Staglands, Tsunamis and Robots.

My youngest daughter has gained fame at a young age. She was in the local paper this week along with her best mates from next door. Our local playgroup had a Wearable Arts day where we were invited to construct some sort of wearable art work together with the toddlers. We decided to make robots but some of the ideas that people came up with were quite innovative. We were surrounded by mermaids, princesses, aliens and warriors.

The World of Wearable Arts (WOW) show is held every September in Wellington and attracts and audience of 35000. Designers from all over the world submit designs to the Judges and 150 are selected to compete for a prize of over $100'000. I thought our Robot designs were fairly good and maybe next year we will enter the show! First the local paper - then the world....

We awoke earlier in the week to Tsunami warnings on our local radio station following the earthquake in Samoa. It was quite a wake up call in a way as the threat of Tsunamis is not something we have really thought about before. We can see the sea from our house but we are fairly high up and probably not at risk. However P works in Wellington and travels on the train that passes directly by the low lying coastline.

In the end all we saw of the Tsunami was a 40cm wave by the time it hit Wellington, not really that impressive. In parts of NZ people were actually prevented from going near low lying and exposed beaches. There were numerous articles online about scores of people heading down to beaches to see if they could see the Tsunami approaching. Even though I recognise that this is rather a dangerous activity, I have to admit that I would probably be one of those people if the opportunity arose!

This Saturday, as the weather is still frustratingly not good enough to go camping, we went to Staglands. This is a wildlife reserve in the Akatarawa valley to the north of Wellington. Its is a fantastic day out even though you have to drive along another twisting, winding, sheer drop on one side, road. They seem to specialise in these type of roads over here. If you suffer from a fear of heights, New Zealand is not a good place to drive.

The valleys in this area was apparently logged extensively in the past and it still appears to be going on in places. Thankfully it has also been heavily reforested in recent years.
J and A sitting in a replica logging station.
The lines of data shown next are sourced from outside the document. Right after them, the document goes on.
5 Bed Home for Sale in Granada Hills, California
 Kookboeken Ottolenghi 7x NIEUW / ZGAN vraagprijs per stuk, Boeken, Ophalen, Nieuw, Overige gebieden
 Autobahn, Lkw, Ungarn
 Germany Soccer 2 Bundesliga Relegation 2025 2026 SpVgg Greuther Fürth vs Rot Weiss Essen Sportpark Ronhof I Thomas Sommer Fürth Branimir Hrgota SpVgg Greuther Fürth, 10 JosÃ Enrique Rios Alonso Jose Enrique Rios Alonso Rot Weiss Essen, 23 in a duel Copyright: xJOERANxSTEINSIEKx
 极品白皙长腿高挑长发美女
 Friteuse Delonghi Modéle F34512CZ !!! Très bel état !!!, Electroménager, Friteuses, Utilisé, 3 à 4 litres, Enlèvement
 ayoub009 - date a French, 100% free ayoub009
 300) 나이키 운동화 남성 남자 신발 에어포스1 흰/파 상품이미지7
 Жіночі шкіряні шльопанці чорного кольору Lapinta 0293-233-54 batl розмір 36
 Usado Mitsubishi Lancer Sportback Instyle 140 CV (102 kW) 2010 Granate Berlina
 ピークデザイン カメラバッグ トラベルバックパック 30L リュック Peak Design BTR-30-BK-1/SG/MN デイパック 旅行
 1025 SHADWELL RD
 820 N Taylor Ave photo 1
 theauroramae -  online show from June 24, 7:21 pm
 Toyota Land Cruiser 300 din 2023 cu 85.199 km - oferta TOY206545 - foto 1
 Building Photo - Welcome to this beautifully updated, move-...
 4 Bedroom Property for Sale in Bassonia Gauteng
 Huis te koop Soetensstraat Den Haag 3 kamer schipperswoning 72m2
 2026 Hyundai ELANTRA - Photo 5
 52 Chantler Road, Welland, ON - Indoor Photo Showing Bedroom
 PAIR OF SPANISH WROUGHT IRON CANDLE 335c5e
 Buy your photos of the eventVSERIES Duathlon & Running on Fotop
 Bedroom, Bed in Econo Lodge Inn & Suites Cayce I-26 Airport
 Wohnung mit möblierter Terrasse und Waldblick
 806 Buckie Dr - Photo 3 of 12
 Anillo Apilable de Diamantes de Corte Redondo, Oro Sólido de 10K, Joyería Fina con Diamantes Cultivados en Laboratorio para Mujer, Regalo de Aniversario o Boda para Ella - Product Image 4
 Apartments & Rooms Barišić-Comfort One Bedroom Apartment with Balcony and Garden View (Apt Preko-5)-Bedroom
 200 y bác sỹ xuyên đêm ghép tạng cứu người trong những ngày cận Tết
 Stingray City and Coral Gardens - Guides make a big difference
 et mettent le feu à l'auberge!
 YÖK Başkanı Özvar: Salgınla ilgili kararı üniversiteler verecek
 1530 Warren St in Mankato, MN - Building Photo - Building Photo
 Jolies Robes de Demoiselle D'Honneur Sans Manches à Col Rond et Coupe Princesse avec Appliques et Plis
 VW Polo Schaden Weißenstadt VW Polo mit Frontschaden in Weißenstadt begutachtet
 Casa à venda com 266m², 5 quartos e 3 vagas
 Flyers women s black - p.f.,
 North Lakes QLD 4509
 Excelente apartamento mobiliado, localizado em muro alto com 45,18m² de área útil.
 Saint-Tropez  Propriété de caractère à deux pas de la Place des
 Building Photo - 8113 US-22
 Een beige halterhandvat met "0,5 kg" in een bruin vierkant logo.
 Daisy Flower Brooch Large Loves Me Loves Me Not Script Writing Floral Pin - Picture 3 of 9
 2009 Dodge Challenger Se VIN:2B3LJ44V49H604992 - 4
This Ram refused to move or let us pass until he was fed, he then followed us around until we ran out of food.

An amazingly hungry pig.

Spring is clearly a good time to visit as all the baby animals are available for cuddles.


  1. Great to see you're still getting out and about despite the weather. Staglands is just down the road (well 10km) and we've not been. Must go I keep telling myself. Whilst we were in the UK a number of petting zoos closed down because of e-coli outbreak from there.

    As for the tsunami - people have a goulish interest in such things regardless of the danger. It's like seeing people swept away by high waves in a storm because they were there for sight seeing. Nuts. I'd steer clear and run for the hills.

  2. Looks like a cool place for kids! I thought it was funny that so want people went down to the beach to wait for the tsunami! Thank goodness it petered out by the time it got here ... those poor people in Samoa.

  3. I love Staglands. Charli just won us a family pass to go there at Sophie's Kindi fair. It's been ages since we last went and now you've thoroughly motivated me (just want to wait for this rain to ease up a little!).

    By the way - love the WOW creations!